The album quickly shows a new strength in intensity, craft, and imagination within Furyborn; a growth in all aspects infused into a maturity which is maybe unexpected within a first full-length, even from a band in its seventh year. Dawn of Leviathan opens with the atmospheric trespass of Second Sun, a brief harass of raw sonic dissonance which leads into the album’s title track where instantly a barrage of intrusive beats from drummer Tim Coulson and ravenous riffs from rhythm guitarist Rob Walker devour ears. Just as forceful are the raw throated roars of vocalist Jut Tabor who quickly seizes attention with his grudging tones, their causticity leading to a great flame of clean endeavour; the frontman, as the sounds around him showing a new dexterity and range which only impresses. It takes little time for band and song to reveal a new lofty plateau to that of the first EP, the melodic suggestiveness of lead guitarist Nick Richardson alone a striking new adventure equipped with the broader imagination and uniqueness that flows through the veins of the track.

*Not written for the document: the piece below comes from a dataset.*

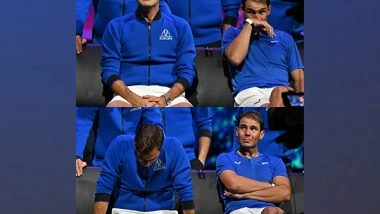 Sports News | That's the Beauty of Sport: Virat Kohli on Rafael Nadal Crying Alongside Roger Federer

The Reckoning follows with the same striking creative tenacity and character, the track a tirade of biting rhythms and corrosive riffs leading the listener into a web of melodic and cleanly delivered temptation. Within the burly, ravenous tempest of bitter sonic and vocal inhospitality, it makes for a compelling mix which only intensifies its lures as the song evolves and broadens its inventive landscape before Exult in Extinction uncages its own rabid assault again led by the uncompromising swings of Coulson. Stalking the senses, the bass of Timmy Hodgson is predatory if sometimes overwhelmed by the storm of riffs and beats while again Richardson veins the cauldron of sound with tendrils of skilful melodic lava. Contrasts flare and meet within the encounter, each colluding with and countering the other in a twisting tempest matched by vocal resourcefulness across the band.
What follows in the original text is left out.